Last night her parents, husband and friends held a quiz night event to remember her - eg see the earlier blog post at: Nicola York - celebrate her life and fund raise for her favourite charity "Women for Women International".
Nicola cared deeply about the
violence and poverty that women and girls disproportionately suffer in times of
conflict. In particular, following a visit to the region organised
through WfW, Nicola saw at first hand the situation facing the victims of the
wars, civil strife, and multiple rebellions in the DR Congo since 1996.
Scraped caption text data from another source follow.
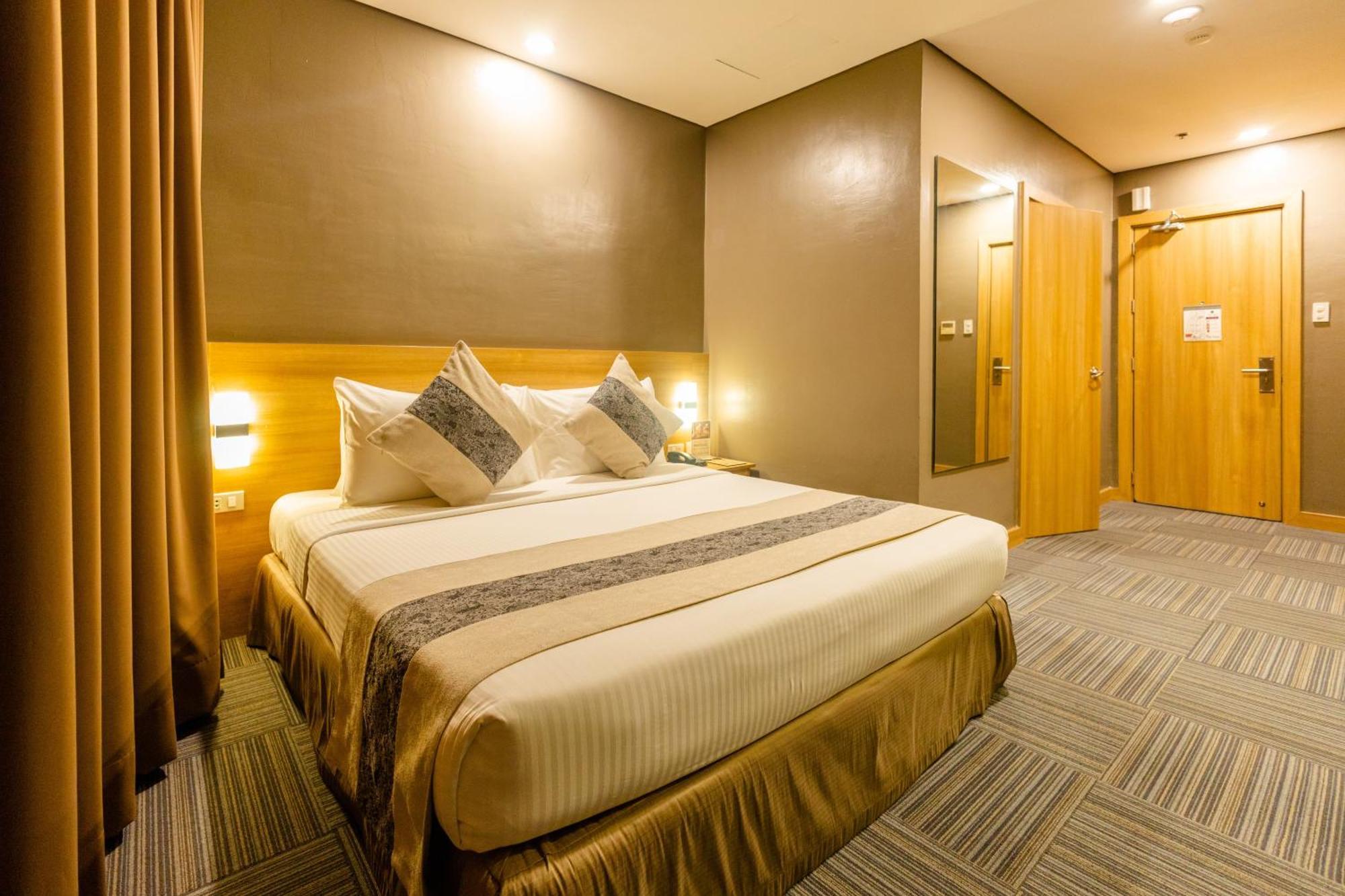 Madison 101 Hotel + Tower Quezon City Exterior photo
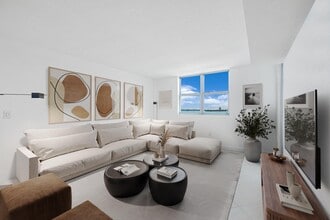 Building Photo - 7501 E Treasure Dr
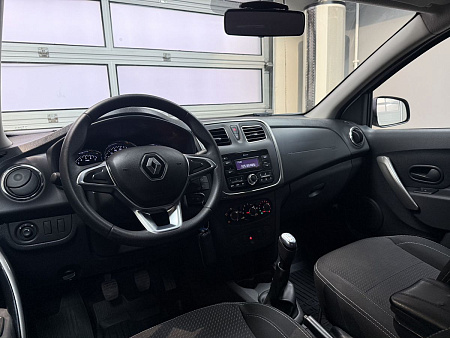 Renault Logan 1.6 MT (82 л.с.) 2022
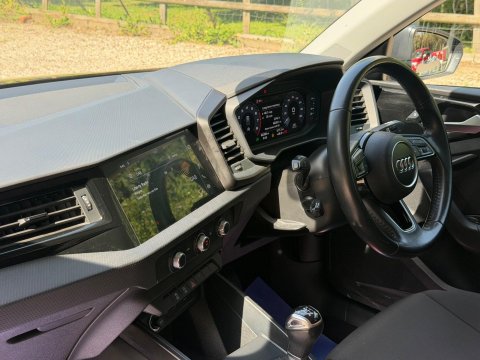 Audi A1 1.0 TFSI 30 SE Sportback Euro 6 (s/s) 5dr 9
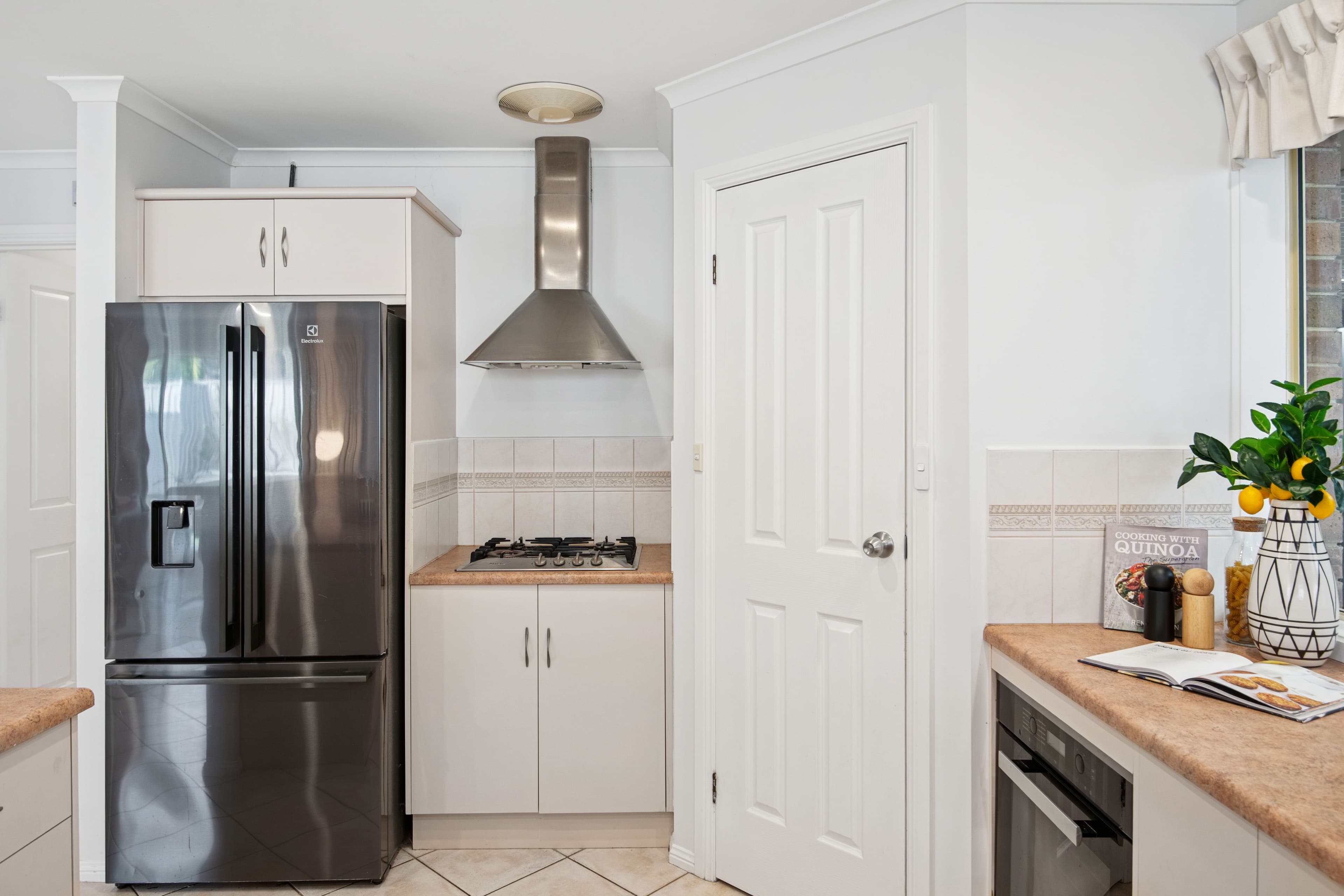 13 Dorrien Avenue, Woodcroft SA 5162, Woodcroft - Thumbnail 7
Nicola campaigned (through Congo
Connect) to raise awareness of the plight of, and yet underline the hope for,
victims of conflict in the Eastern DR Congo. However, she also supported
women in that region through the Sponsor a Sister campaign,
which provides women with intensive training for the essential job skills that
they need in order to earn an income to support their families.
The event last night was particularly timely since it has within the past few days been announced that the
2018 Nobel Peace Prize has been awarded to campaigners against rape in warfare,
Nadia Murad and Denis Mukwege for their "efforts to end the use of
sexual violence as a weapon of war". Nicola would have strongly
welcomed this announcement, and in particular the award recognising Dr Mukwege,
the 63-year-old Congolese gynaecologist who has for 20 years been treating the
victims of sexual violence in the Panzi hospital he set up in the eastern DR
Congo city of Bukavu, and whom Nicola interviewed during her trip to the
region.
There were some 25 people mainly friends of the family in the private room at the Bread and Roses pub Clapham yesterday night and the event was clearly a success though slightly embarrassingly I won a Christmas hamper in a fund raising raffle.
The Bread and Roses pub is fascinating as well - an old workers' (presumably that means "socialist") pub with live music in the bar and a theatre upstairs though the fund raising party quiz night for Nicola was held in a private room.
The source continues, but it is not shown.